Repeat only the lines between the one with "Chefs on the Run Gastro Pub by null" and the end of the material below, both ends included. Omit any picture.

**DATA EXTRACT**
____

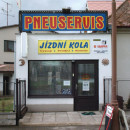 Pneuservis a pneubazar Třebeš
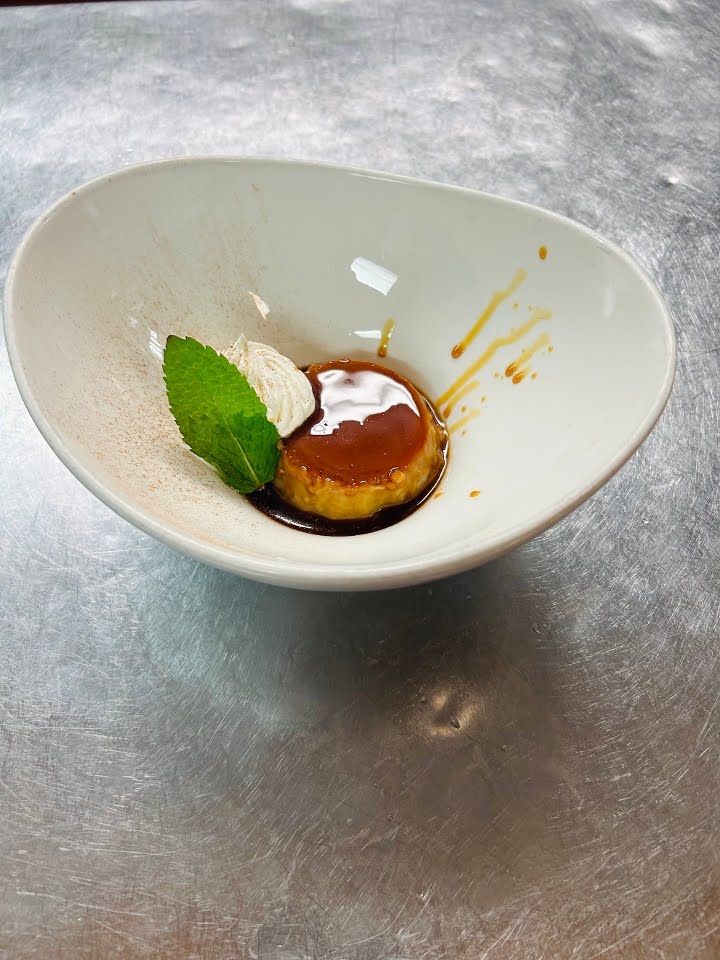 Chefs on the Run Gastro Pub by null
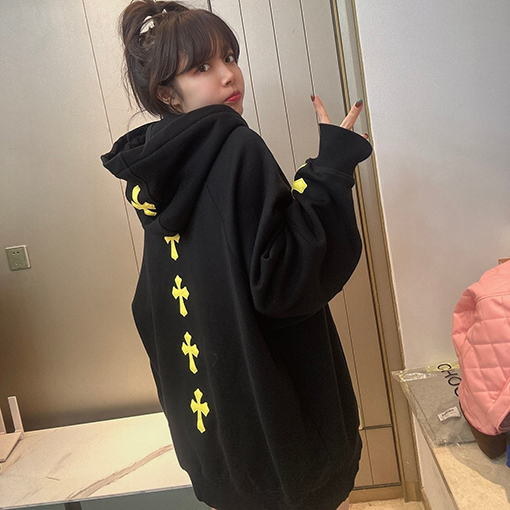 人気 クロムハーツ服コピー スウェットTシャツ 後ろ黄色皮十字架刺繍ポイント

____

**RESULT**
 Chefs on the Run Gastro Pub by null
 人気 クロムハーツ服コピー スウェットTシャツ 後ろ黄色皮十字架刺繍ポイント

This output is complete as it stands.